EKU Faculty and Staff Scholarship



Document Type


Publication Date



The Otter Creek watershed exhibits dissolved nutrient (ammonium, NH4+; nitrate, NO3-; phosphate, PO43-) and Escherichia coli contamination that compromises its water quality. The watershed covers a substantial portion of Madison County (~168 km2) and consists of Lake Reba, Dreaming Creek, and east and west forks, all of which enter the trunk of Otter Creek before flowing into the Kentucky River. Suspected contaminate sources include leaky sewage system pipes, runoff from pasture land, and septic system leachate. We collected 330 water samples on three occasions during summer 2014 to determine the extent and sources of contamination, in hopes to mitigate contamination and improve water quality. Nutrients were measured using colorimetric methods, whereas E. coli counts were determined by using IDEXX materials.

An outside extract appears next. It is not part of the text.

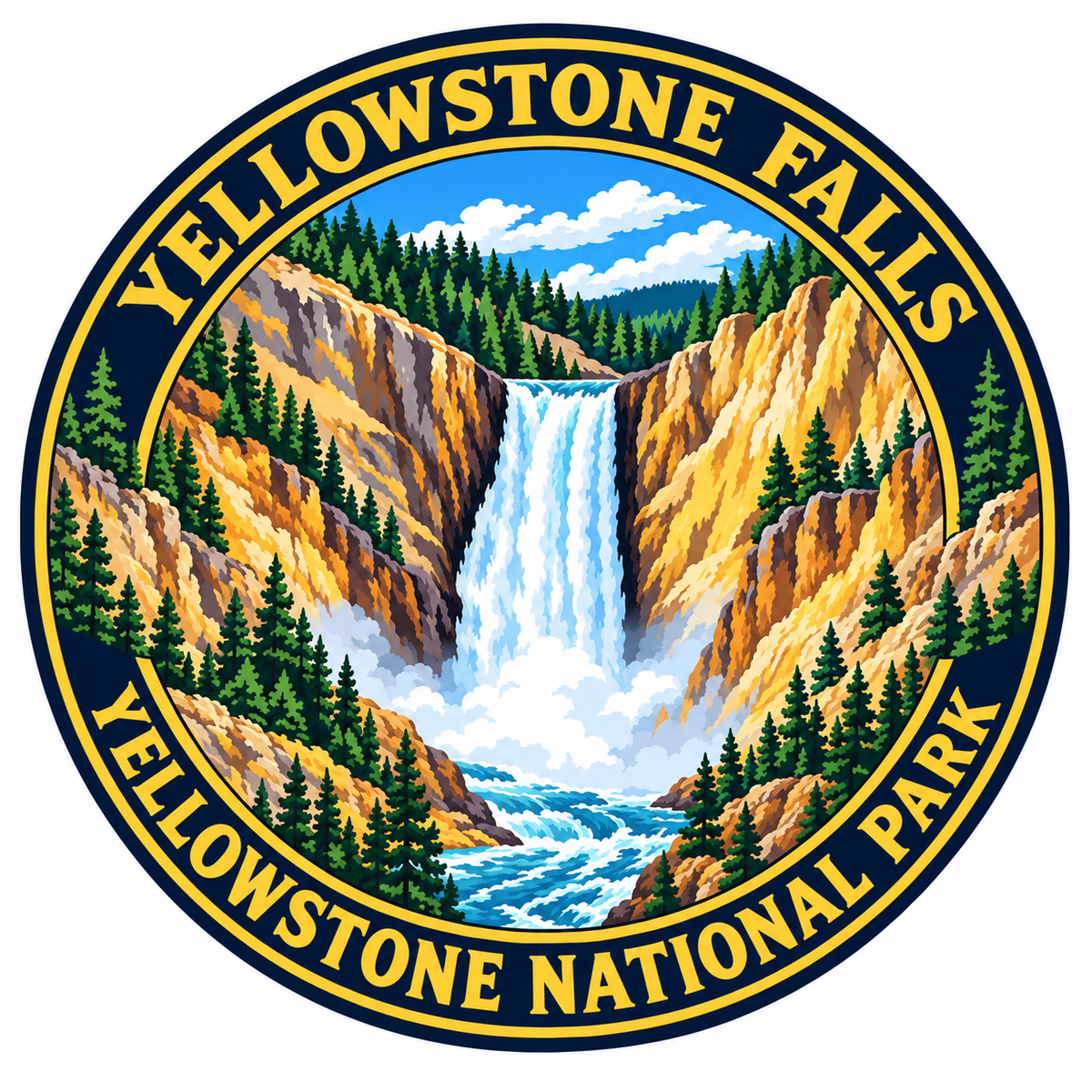 Yellowstone Falls — source artwork reference for the Yellowstone collection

We found highest nutrient concentrations immediately below discharge from the Otter Creek sewage treatment plant (STP), which is a point source for nitrate (3.5 – 4.4 mg/L N-NO3) and phosphate (0.8 - 1.0 mg/L P-PO3). Background levels were ~0.4 mg/L N-NO3 and ~0.09 mg/L P-PO4. Nitrate and phosphate values progressively decrease at stations downstream from the STP. Ammonium averages ~0.4 mg/L N-NH4, ranging from 0 to 1.4 mg/L in May, but measurable ammonium occurs only sporadically in June and July. The highest observed value is 1.8 mg/L N-NH4 (station CC, June) with the majority of stations having no measurable ammonium. 53% of samples exceeded EPA E.coli concentration standards for human contact (>575 cfu/100 mL) and are distributed throughout the watershed, displaying classic non-point-source pollution.

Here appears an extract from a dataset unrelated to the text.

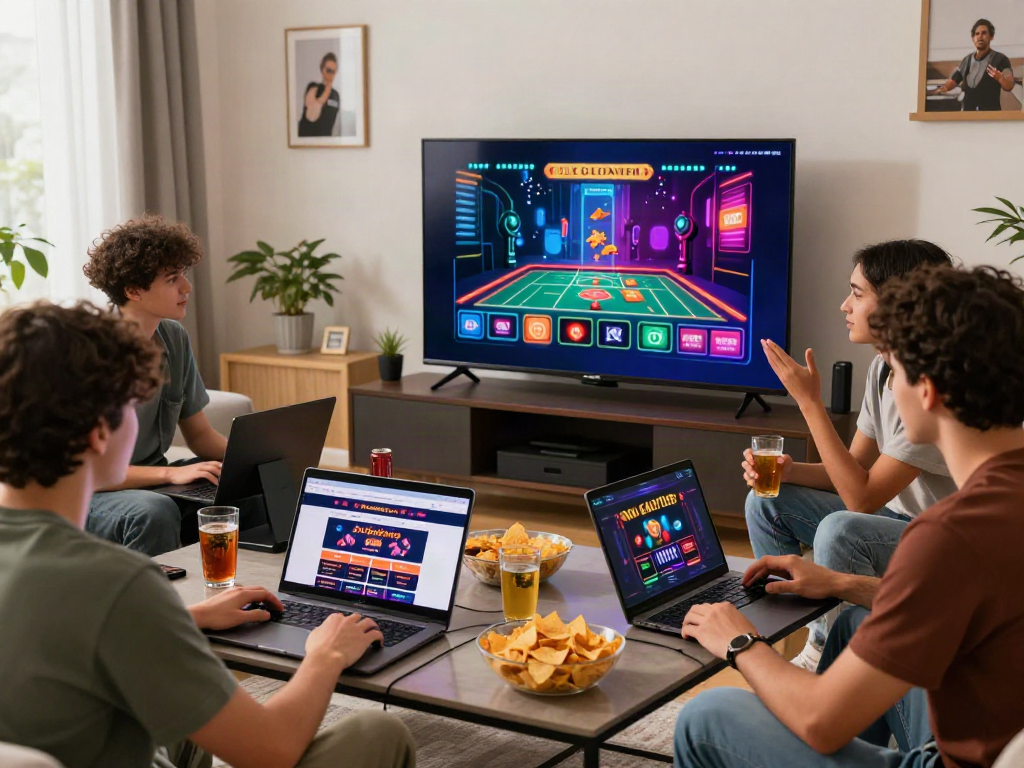 Group of friends enjoying sites not on GamStop in a lively gaming session.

Phosphate and fecal microbes are the principal contaminants within the watershed. Compared to a national data set, phosphate contamination is most severe, often exceeding the 90th percentile value. Nitrate is generally below the 25th percentile level. Ammonium concentration is not related to STP discharge but exceeds the 90th percentile value in May; concentrations approach those of pristine streams in June and July. Non-point sources for nitrate, phosphate, and E. coli are likely due to leaky sewage pipes within the town of Richmond, and to pasture runoff in rural areas. Ammonium sources are more enigmatic, but seem associated with pasture land and septic systems. Sampling in June and July after rain events saw higher nitrate, phosphate, and E. coli concentrations, but lower ammonium levels relative to measurements in May.